No. America is not the largest consumer of Coca-Cola. It is Mexico! A survey from 2012 found out that Mexico consumed 745 8-ounce servings of full-sugar Coke per person each year. Compare it with a paltry 403 servings in the USA, eh? Mexico has a history of gulping down carbonated drinks and anything else that is sweet including 🍫 chocolates, confectionery products, puddings, ice cream, and popsicles. More than 14 million of them suffered from diabetes.
So. The lawmakers had to devise a plan to watchdog the eating habits 🍽️ of their fellow Mexicans. On January 1st, 2014, they imposed an excise tax of 1 peso per liter of any beverage with added sugar, around a 10% tax. They also rolled out an 8% tax on non-essential foods that contain a lot of sodium, added sugars, or solid fats, including chocolates, confectionery products, puddings, ice cream, and popsicles.
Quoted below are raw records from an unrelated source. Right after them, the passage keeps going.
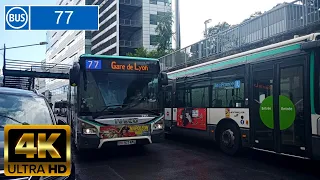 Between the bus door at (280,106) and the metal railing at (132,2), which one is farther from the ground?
the metal railing at (132,2)

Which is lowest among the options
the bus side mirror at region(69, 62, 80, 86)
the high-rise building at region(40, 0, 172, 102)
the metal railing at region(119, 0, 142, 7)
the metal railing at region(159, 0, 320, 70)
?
the bus side mirror at region(69, 62, 80, 86)

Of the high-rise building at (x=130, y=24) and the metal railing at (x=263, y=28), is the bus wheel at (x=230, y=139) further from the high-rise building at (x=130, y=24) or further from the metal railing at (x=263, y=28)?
the high-rise building at (x=130, y=24)

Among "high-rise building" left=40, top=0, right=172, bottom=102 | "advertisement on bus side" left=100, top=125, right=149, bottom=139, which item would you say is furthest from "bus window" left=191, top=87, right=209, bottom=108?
"high-rise building" left=40, top=0, right=172, bottom=102

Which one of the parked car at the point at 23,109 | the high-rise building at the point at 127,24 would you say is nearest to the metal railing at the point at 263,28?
the parked car at the point at 23,109

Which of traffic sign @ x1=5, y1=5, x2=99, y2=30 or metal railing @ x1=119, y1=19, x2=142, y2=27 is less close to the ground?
metal railing @ x1=119, y1=19, x2=142, y2=27

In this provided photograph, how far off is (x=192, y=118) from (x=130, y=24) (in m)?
45.0

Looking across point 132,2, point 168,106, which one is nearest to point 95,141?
point 168,106

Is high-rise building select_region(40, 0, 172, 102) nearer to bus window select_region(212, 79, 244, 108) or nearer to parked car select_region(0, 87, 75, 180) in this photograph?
bus window select_region(212, 79, 244, 108)

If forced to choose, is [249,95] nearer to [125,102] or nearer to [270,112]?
[270,112]

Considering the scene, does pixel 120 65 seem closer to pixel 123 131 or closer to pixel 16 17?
pixel 123 131

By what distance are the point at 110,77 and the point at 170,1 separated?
5059cm

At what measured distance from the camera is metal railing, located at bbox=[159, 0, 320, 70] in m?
10.4

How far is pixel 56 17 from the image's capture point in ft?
43.6

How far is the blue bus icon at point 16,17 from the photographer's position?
13.3 meters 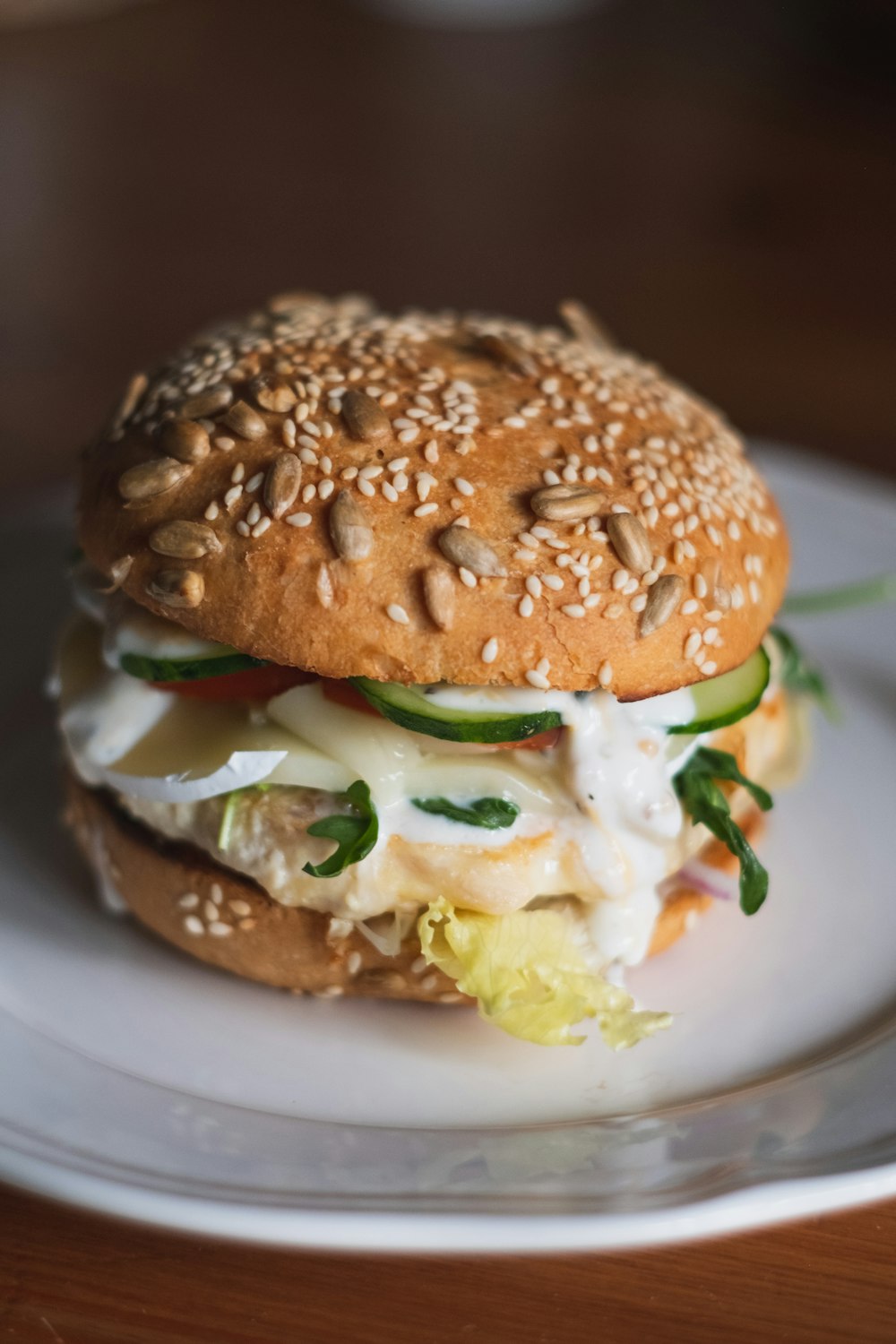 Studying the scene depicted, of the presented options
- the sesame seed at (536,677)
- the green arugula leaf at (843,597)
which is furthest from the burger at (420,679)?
the green arugula leaf at (843,597)

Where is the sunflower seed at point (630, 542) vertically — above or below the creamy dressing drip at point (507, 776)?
above

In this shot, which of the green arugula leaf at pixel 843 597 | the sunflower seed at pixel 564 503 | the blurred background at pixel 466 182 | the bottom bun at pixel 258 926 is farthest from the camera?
the blurred background at pixel 466 182

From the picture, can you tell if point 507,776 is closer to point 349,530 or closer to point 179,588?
point 349,530

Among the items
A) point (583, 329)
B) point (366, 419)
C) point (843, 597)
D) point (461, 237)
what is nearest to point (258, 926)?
point (366, 419)

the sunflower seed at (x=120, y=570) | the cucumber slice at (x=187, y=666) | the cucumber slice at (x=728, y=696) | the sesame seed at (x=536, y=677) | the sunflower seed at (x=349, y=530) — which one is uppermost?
the sunflower seed at (x=349, y=530)

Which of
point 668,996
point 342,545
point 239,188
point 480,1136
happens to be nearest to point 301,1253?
point 480,1136

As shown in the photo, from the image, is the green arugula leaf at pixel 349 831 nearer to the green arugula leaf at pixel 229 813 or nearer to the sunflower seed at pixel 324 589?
the green arugula leaf at pixel 229 813

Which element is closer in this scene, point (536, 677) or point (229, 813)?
point (536, 677)
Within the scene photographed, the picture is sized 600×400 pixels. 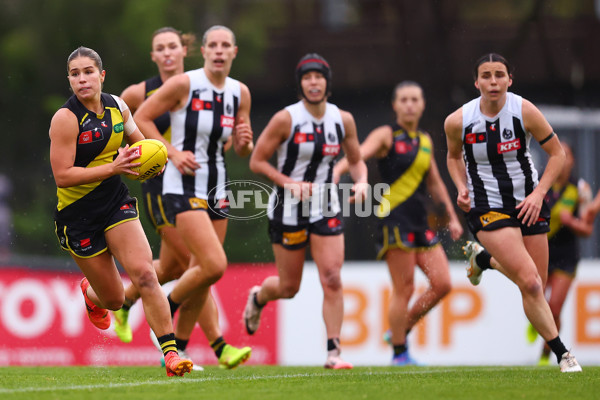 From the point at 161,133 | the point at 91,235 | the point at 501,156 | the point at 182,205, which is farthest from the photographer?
the point at 161,133

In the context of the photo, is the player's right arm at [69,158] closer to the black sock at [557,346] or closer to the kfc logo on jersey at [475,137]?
the kfc logo on jersey at [475,137]

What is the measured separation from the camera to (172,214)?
773 centimetres

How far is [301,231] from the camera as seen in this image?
810cm

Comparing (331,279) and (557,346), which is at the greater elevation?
(331,279)

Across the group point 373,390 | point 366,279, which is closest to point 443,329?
point 366,279

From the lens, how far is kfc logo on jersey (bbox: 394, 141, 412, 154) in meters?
9.23

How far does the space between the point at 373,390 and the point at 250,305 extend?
313cm

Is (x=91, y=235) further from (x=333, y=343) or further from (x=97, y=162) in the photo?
(x=333, y=343)

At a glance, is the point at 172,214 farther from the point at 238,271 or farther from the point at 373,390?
the point at 238,271

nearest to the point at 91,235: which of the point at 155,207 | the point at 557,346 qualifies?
the point at 155,207

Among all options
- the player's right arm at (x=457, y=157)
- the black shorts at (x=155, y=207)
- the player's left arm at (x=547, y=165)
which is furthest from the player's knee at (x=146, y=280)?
the player's left arm at (x=547, y=165)

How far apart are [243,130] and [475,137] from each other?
1.77 metres

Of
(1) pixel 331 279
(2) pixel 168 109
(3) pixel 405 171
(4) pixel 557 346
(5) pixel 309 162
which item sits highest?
(2) pixel 168 109

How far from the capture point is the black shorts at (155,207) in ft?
26.2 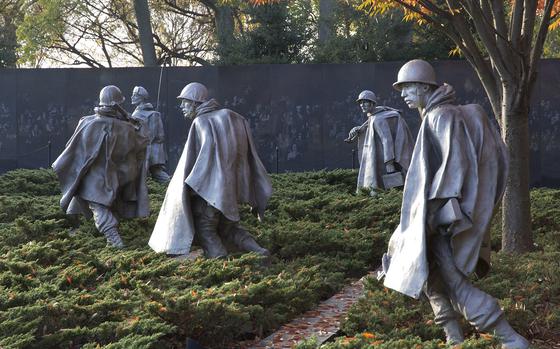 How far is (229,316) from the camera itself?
24.7ft

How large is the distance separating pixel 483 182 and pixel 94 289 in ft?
10.8

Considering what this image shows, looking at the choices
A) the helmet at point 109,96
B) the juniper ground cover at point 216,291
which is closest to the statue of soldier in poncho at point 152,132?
the helmet at point 109,96

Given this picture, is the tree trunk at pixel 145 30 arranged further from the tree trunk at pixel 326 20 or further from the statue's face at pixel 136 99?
the statue's face at pixel 136 99

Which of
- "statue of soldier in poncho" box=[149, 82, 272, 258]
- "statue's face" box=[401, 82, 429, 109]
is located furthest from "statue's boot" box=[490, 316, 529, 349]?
"statue of soldier in poncho" box=[149, 82, 272, 258]

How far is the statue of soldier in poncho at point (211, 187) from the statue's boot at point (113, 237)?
5.10 ft

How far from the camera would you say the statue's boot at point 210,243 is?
34.3 feet

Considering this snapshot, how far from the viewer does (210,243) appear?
1048 centimetres

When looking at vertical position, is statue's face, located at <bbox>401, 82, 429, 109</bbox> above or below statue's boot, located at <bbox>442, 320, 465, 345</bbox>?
above

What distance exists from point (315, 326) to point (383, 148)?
981cm

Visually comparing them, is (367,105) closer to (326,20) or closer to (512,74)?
(512,74)

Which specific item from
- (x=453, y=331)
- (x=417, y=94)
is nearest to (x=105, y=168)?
(x=417, y=94)

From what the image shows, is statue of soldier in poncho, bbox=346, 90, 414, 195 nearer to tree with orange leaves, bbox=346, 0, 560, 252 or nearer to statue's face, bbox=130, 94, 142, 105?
statue's face, bbox=130, 94, 142, 105

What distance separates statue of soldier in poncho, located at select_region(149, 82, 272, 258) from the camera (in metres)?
10.3

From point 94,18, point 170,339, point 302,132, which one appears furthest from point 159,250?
point 94,18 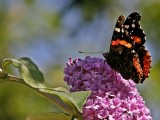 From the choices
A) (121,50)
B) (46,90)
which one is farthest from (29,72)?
(121,50)

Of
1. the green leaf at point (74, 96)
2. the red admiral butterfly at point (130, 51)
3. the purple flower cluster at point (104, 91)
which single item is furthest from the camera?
the red admiral butterfly at point (130, 51)

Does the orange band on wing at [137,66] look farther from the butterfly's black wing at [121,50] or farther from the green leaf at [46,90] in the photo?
the green leaf at [46,90]

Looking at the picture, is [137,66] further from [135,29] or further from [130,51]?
[135,29]

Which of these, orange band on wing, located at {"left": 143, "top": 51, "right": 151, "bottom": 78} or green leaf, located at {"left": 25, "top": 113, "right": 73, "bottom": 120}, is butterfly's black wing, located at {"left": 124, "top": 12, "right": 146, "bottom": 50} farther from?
green leaf, located at {"left": 25, "top": 113, "right": 73, "bottom": 120}

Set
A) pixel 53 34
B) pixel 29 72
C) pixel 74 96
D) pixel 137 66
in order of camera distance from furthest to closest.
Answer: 1. pixel 53 34
2. pixel 137 66
3. pixel 29 72
4. pixel 74 96

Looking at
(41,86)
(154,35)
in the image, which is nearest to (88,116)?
(41,86)

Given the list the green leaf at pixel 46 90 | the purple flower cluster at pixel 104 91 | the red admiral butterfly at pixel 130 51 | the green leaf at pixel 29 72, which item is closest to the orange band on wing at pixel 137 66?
the red admiral butterfly at pixel 130 51

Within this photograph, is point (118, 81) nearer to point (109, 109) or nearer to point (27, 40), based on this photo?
point (109, 109) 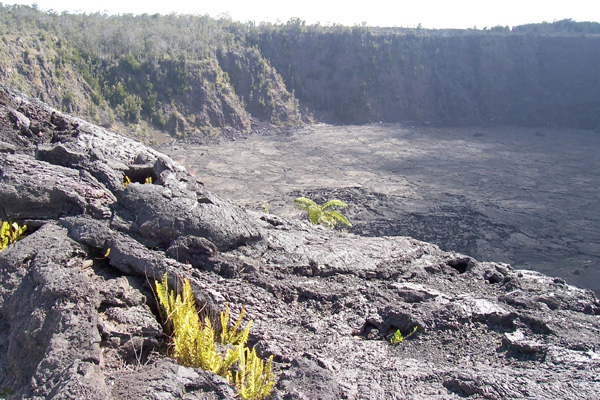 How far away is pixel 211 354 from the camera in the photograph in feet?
9.61

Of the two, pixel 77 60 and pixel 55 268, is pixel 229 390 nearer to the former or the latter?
pixel 55 268

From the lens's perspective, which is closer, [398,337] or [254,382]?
[254,382]

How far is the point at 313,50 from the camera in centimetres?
3459

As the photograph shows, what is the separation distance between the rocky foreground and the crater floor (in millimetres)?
6712

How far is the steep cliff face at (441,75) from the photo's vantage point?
31.7 metres

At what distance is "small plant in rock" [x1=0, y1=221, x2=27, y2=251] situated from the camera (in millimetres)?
3717

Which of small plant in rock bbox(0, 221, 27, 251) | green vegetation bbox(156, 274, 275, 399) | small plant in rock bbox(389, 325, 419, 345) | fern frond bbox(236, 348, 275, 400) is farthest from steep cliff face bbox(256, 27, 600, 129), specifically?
fern frond bbox(236, 348, 275, 400)

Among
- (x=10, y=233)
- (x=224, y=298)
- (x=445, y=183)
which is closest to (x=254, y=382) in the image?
(x=224, y=298)

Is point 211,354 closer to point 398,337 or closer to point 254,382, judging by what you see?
point 254,382

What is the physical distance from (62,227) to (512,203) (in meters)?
14.6

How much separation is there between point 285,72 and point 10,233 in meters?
30.2

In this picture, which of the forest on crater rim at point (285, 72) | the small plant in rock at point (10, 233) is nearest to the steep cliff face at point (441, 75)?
the forest on crater rim at point (285, 72)

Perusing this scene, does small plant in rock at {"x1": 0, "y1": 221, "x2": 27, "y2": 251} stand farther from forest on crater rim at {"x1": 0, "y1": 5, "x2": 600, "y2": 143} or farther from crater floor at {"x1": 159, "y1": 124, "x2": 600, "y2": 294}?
forest on crater rim at {"x1": 0, "y1": 5, "x2": 600, "y2": 143}

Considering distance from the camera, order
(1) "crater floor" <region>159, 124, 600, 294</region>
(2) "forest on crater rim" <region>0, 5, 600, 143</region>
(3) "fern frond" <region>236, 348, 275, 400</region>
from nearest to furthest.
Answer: (3) "fern frond" <region>236, 348, 275, 400</region> → (1) "crater floor" <region>159, 124, 600, 294</region> → (2) "forest on crater rim" <region>0, 5, 600, 143</region>
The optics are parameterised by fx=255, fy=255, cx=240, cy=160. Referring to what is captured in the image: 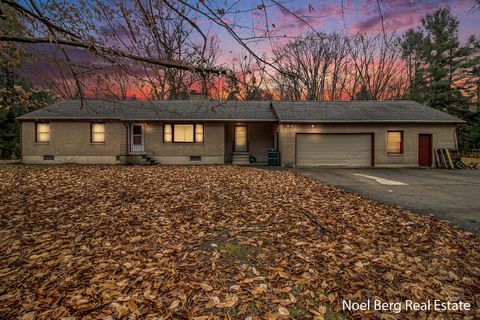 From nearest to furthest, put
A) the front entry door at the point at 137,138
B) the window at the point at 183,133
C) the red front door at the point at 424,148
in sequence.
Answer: the red front door at the point at 424,148, the front entry door at the point at 137,138, the window at the point at 183,133

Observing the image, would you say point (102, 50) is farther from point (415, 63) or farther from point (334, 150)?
point (415, 63)

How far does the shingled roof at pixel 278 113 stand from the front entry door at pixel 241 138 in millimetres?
1323

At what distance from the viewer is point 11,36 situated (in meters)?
3.41

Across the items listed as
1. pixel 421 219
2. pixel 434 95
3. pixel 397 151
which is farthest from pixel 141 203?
pixel 434 95

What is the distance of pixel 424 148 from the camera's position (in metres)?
17.8

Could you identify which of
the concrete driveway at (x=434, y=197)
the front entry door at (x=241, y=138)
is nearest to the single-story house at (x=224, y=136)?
the front entry door at (x=241, y=138)

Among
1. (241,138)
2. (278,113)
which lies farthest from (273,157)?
(241,138)

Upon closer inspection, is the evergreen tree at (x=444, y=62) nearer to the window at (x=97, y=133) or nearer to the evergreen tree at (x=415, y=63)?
the evergreen tree at (x=415, y=63)

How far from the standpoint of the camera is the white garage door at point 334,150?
58.9 ft

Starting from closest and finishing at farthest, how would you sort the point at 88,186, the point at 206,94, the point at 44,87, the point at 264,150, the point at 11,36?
the point at 11,36, the point at 206,94, the point at 44,87, the point at 88,186, the point at 264,150

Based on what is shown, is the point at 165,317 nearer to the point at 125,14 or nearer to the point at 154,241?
the point at 154,241

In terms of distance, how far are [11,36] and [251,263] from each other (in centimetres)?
456

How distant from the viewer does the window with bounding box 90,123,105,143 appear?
60.8 ft

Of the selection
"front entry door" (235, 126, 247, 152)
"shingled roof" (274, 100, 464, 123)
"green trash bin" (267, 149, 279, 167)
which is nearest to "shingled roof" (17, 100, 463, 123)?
"shingled roof" (274, 100, 464, 123)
📈 The results were OFF THE CHARTS. The purchases declined by 18.8ml per person per day in 2014 and 29.3ml in 2015 in the poorest of households. Overall, the sugary drink sales fell by 5.5% in 2014 compared with the previous year, and by 9.7% in 2015 compared with 2013. There was also some evidence that sales of bottled still water had increased slightly. Also, purchases of other untaxed drinks – including water – went up on average by 2% over the two years.
The World watched.👀 Mexico’s precedent was followed by Chile, Barbados, and Berkeley, California by 2015, and Mauritius and Belgium by 2016. In 2017, Portugal and Catalonia, United Arab Emirates, Saudi Arabia, Brunei, and Thailand introduced their own versions, followed by South Africa, and the UK in 2018.
The Sugar tax seemed to have worked and affected thousands!